Lipitor Generic in U.S. Sends Ranbaxy Shares Up, Threatens Pfizer Sales

A generic Lipitor drug released in the U.S. by Ranbaxy Laboratories Ltd. sent Ranbaxy’s shares up the most in six months while threatening sales for Pfizer, Inc., Lipitor’s previous manufacturer, Bloomberg reports.

Shares of Ranbaxy surged as much as 11 percent in Mumbai trading. The shares traded 4.7 percent higher at 454.85 rupees, the most since May 30, at 11:22 a.m. local time.

“The market is simply relieved to hear that the drug is approved,” Yasuhiro Nakazawa, a healthcare analyst at SMBC Nikko Securities Inc. in Tokyo, told Bloomberg.

Ranbaxy won approval Wednesday from the U.S. Food and Drug Administration to sell generic versions of Lipitor. The company, based near New Delhi, will share profit on the first six months’ sales with Israel’s Teva Pharmaceutical Industries Ltd., Ranbaxy told Bloomberg. Ranbaxy also said the terms of the agreement will not be disclosed.

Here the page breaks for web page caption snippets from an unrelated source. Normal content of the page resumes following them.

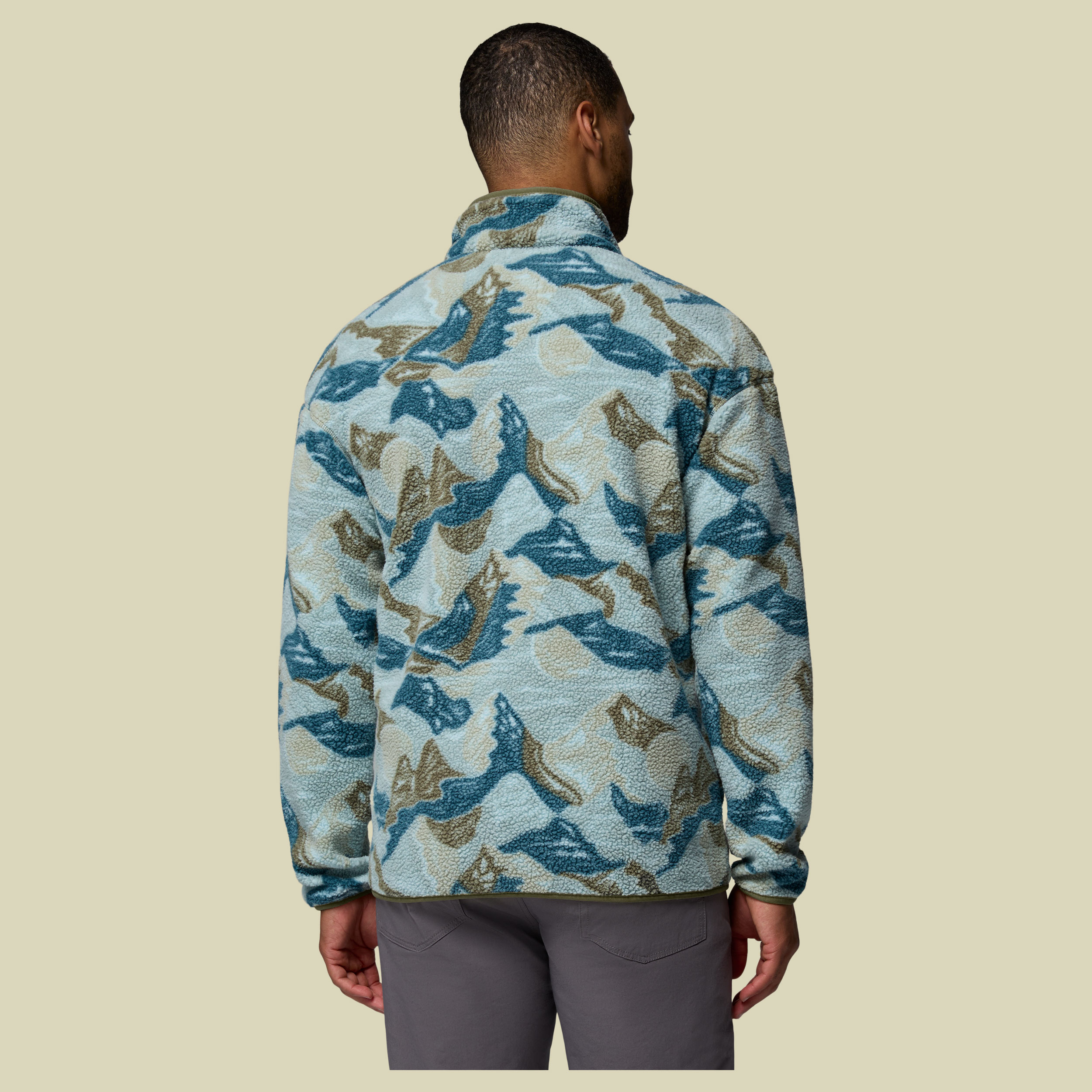 Helvetia II Printed Half Snap Fleece Men S mehrfarbig grün - safari,sunscap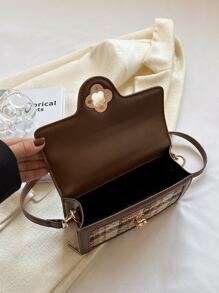 Bolsa cuadrada mini con patrón de cuadros con solapa - Marrón - Ver 5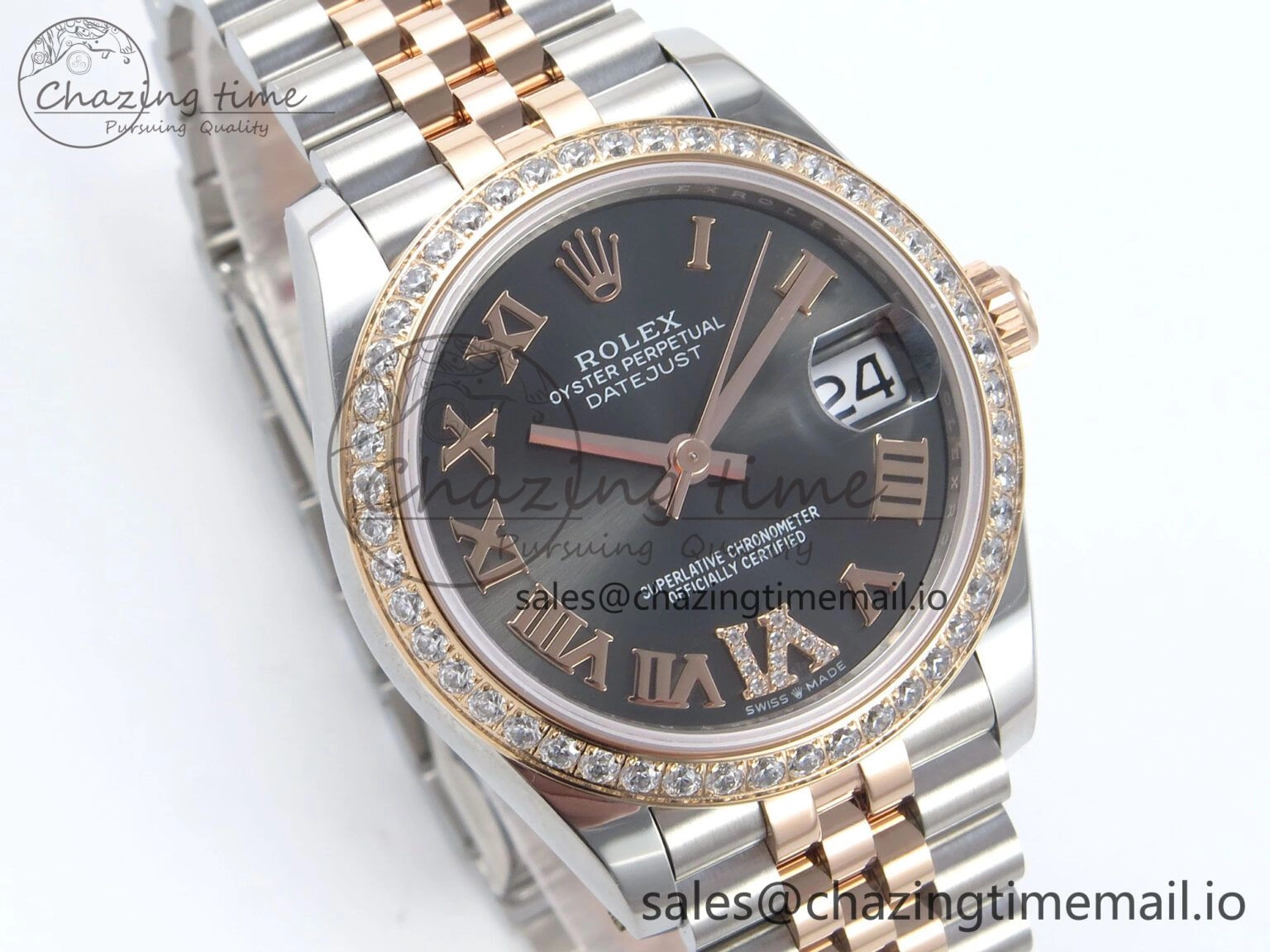 DateJust 31 278381RBR ARF 1:1 Best Edition 904L Steel Gray Roman Diamonds Dial Diamonds Bezel on SS RG Jubilee Bracelet ETA 2688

“There is something more in this deal than meets the eye,” Priti Arora, an analyst at Kotak Institutional Securities in Mumbai, told Bloomberg in a telephone interview. “My feeling is that they allied with Teva as a backup measure in case approval was held back due to its manufacturing issues.”

According to Bloomberg, Teva said on Nov. 2 that if it manages to introduce an “important undisclosed product” in the fourth quarter, it would meet the upper range of its forecast of earnings. According to Bloomberg, analysts from Sanford C. Bernstein & Co. speculated in a report last month that the new product “is ostensibly Lipitor.” “It could well be that the Lipitor ingredients could come from Teva,” Bino Pathiparampil, a healthcare analyst at IIFL Ltd. in Mumbai, told Bloomberg in an interview. In that scenario, “Ranbaxy will assemble the drug at their factory in New Jersey.”